ABOUT THIS TASK> From the line that contains "L5 Wild Turkey" down to the final line below, please repeat each line exactly and nothing more, with no pictures.

Start of Block

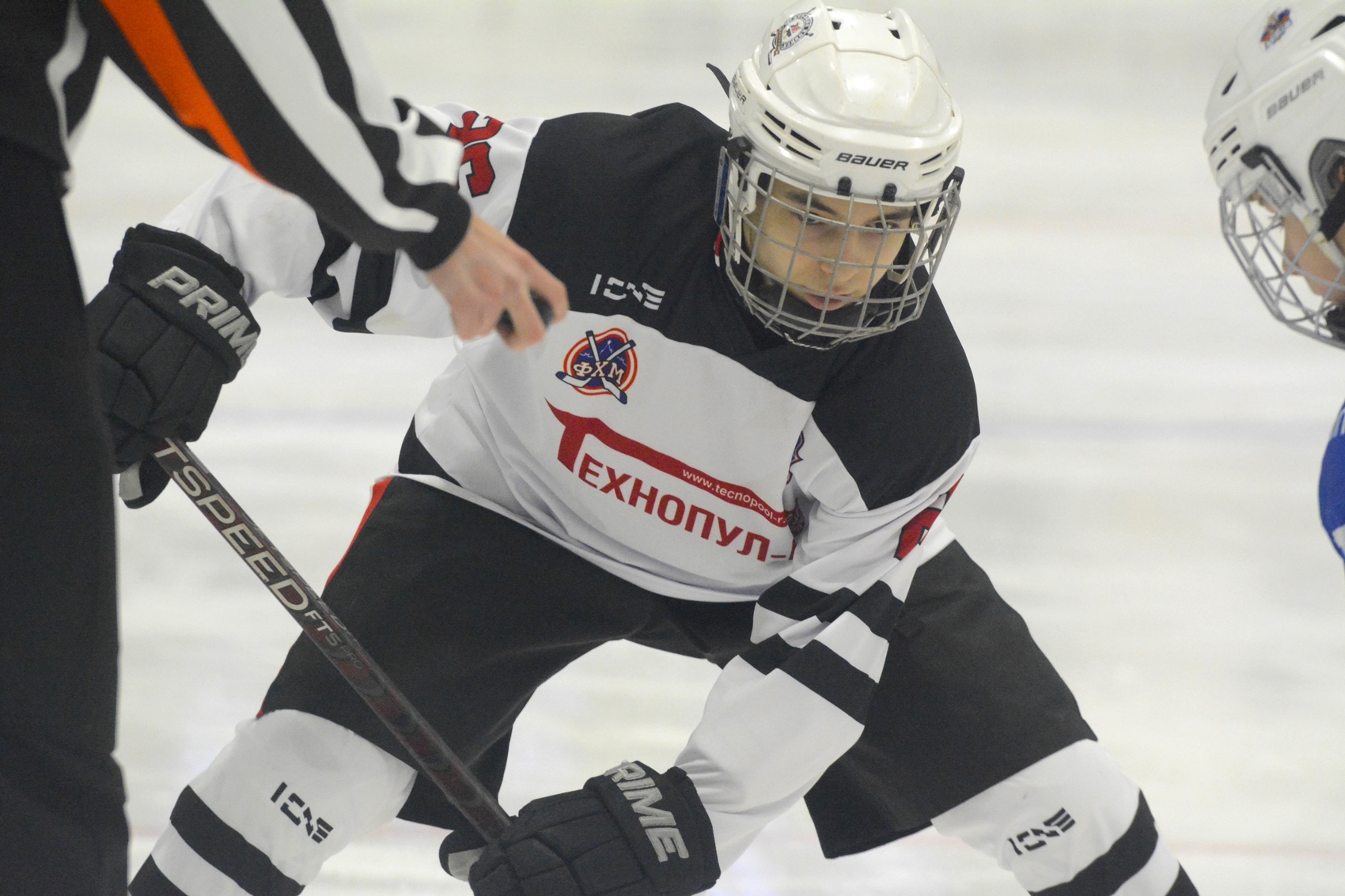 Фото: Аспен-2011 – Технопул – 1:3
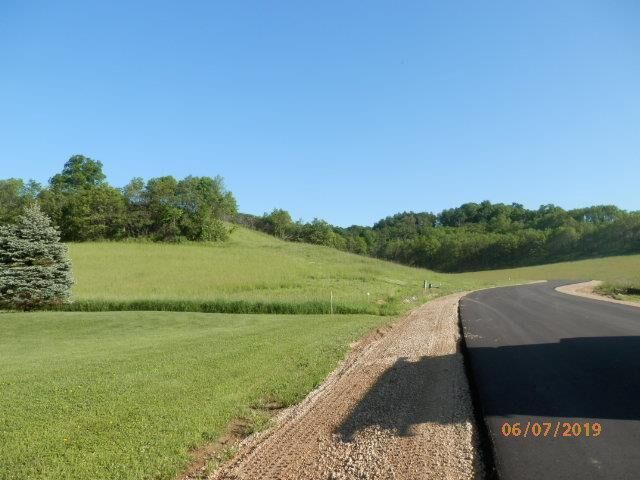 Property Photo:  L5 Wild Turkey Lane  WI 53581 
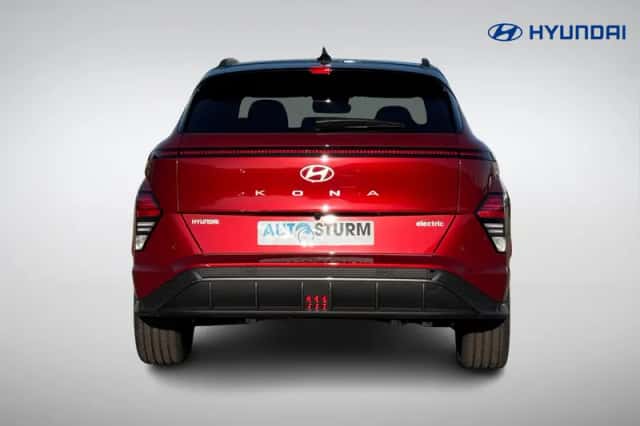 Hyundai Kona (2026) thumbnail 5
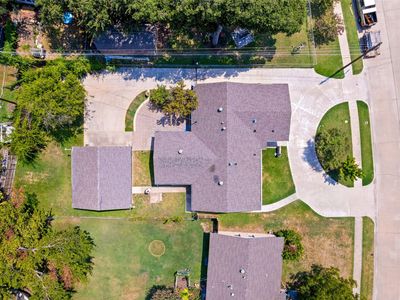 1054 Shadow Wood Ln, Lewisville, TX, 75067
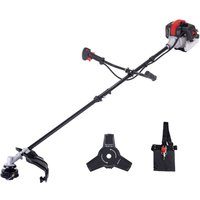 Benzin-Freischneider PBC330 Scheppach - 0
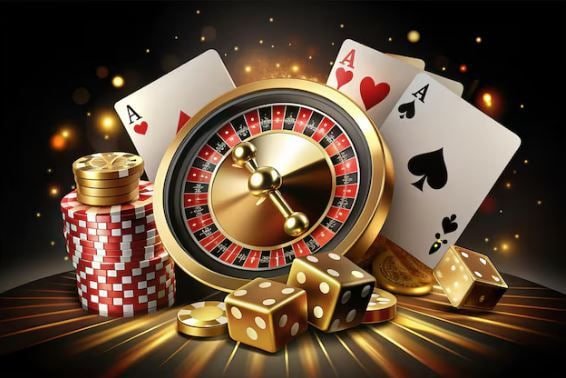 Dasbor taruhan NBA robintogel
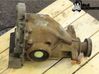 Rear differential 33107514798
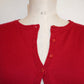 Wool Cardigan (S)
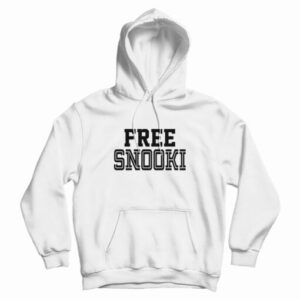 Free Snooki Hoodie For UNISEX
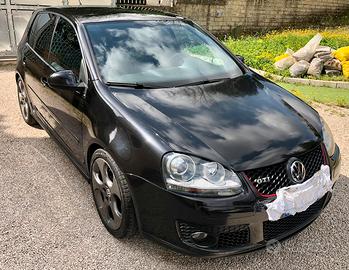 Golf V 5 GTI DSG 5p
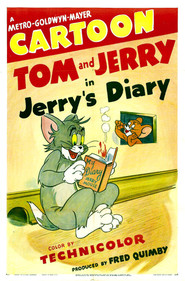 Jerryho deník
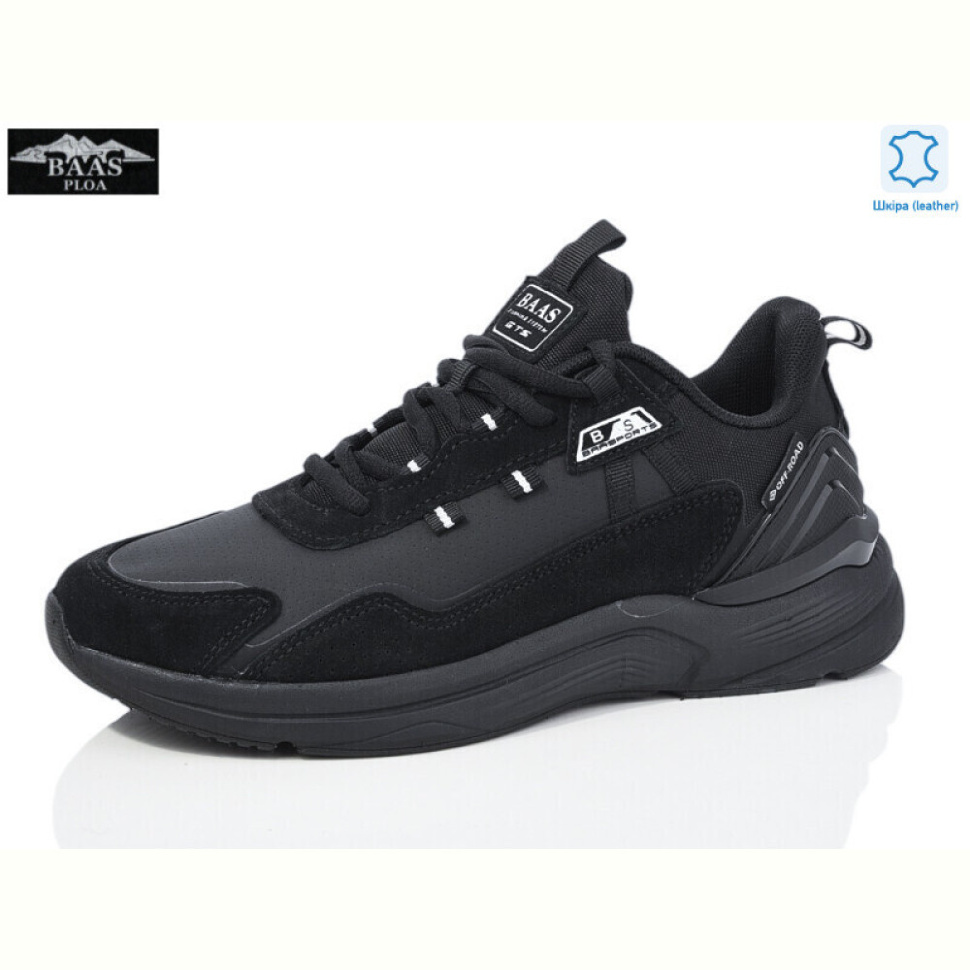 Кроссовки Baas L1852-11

End of Block

RESULT>
 Property Photo:  L5 Wild Turkey Lane  WI 53581 
 Hyundai Kona (2026) thumbnail 5
 1054 Shadow Wood Ln, Lewisville, TX, 75067
 Benzin-Freischneider PBC330 Scheppach - 0
 Dasbor taruhan NBA robintogel
 Rear differential 33107514798
 Wool Cardigan (S)
 Free Snooki Hoodie For UNISEX
 Golf V 5 GTI DSG 5p
 Jerryho deník
 Кроссовки Baas L1852-11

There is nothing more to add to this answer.